Give again, unaltered, the lines of the listing below that run from the line having "Carbalan 200 g emulsiovoide" through the line having "Silicone Rubber Keyboards".

▶ Data for the task:
--- START ---

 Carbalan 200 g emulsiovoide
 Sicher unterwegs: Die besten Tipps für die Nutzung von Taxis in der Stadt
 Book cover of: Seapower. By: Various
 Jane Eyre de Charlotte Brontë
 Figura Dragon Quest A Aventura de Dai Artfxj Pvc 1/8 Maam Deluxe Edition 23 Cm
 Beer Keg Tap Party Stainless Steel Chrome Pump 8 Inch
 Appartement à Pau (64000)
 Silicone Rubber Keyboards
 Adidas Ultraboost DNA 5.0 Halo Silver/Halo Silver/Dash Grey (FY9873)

--- END ---
--- START ---

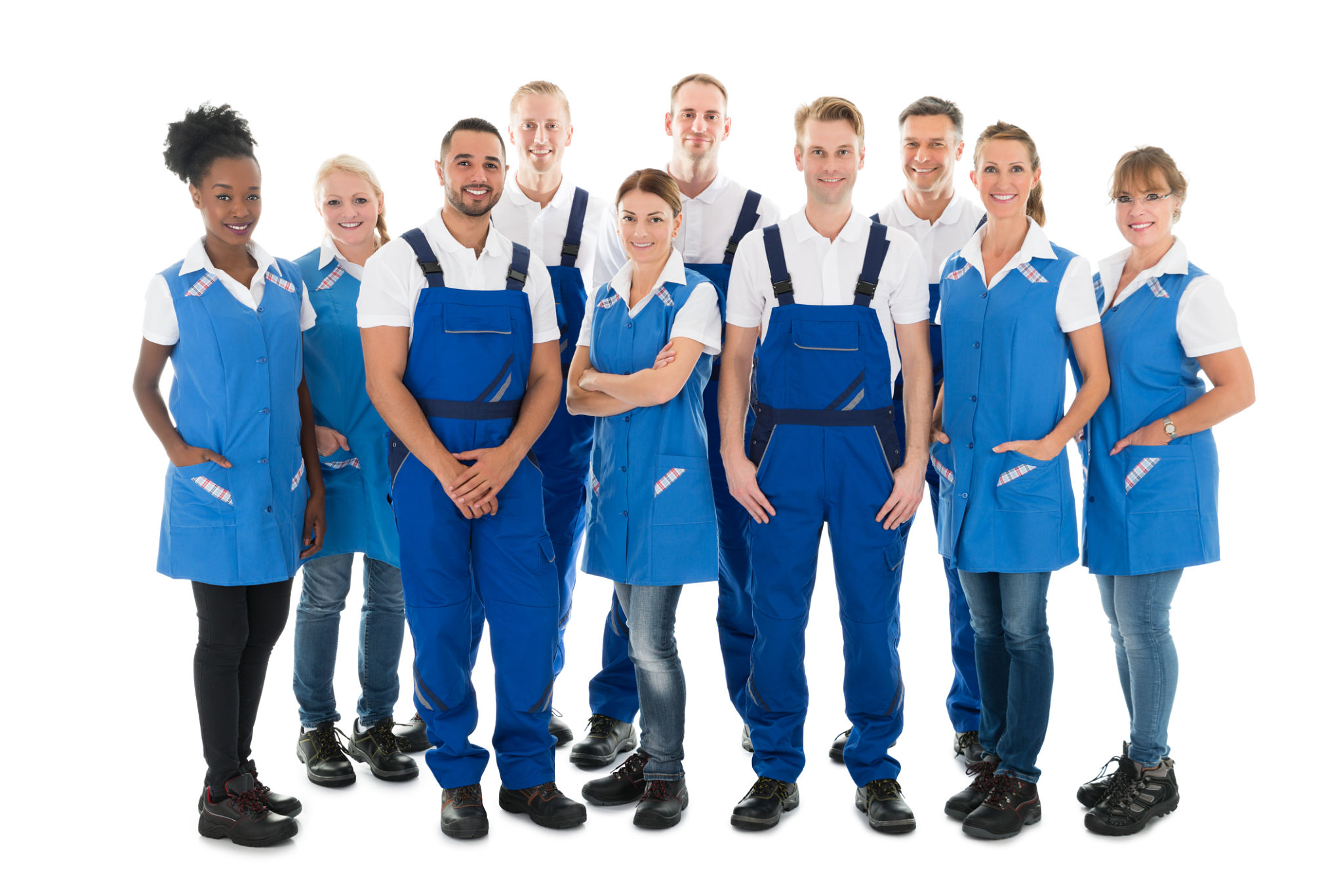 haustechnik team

--- END ---
--- START ---

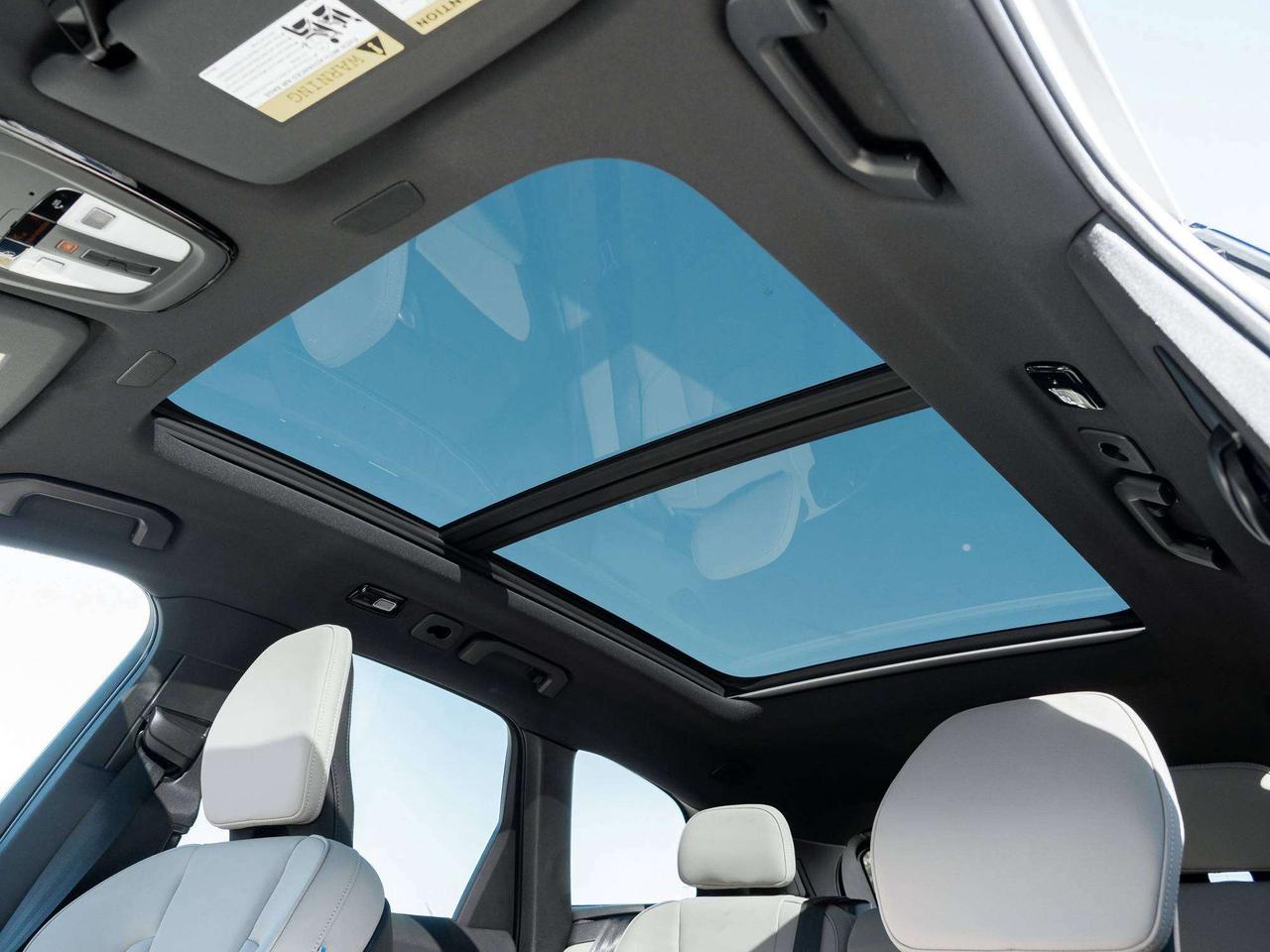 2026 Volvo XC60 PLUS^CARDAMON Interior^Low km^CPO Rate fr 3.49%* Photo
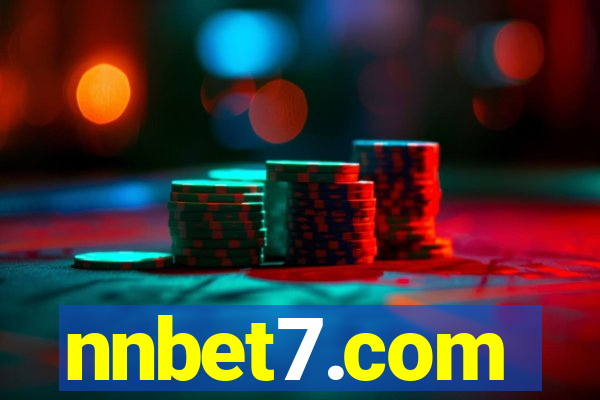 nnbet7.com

--- END ---

▶ Solution to this exercise:
 Carbalan 200 g emulsiovoide
 Sicher unterwegs: Die besten Tipps für die Nutzung von Taxis in der Stadt
 Book cover of: Seapower. By: Various
 Jane Eyre de Charlotte Brontë
 Figura Dragon Quest A Aventura de Dai Artfxj Pvc 1/8 Maam Deluxe Edition 23 Cm
 Beer Keg Tap Party Stainless Steel Chrome Pump 8 Inch
 Appartement à Pau (64000)
 Silicone Rubber Keyboards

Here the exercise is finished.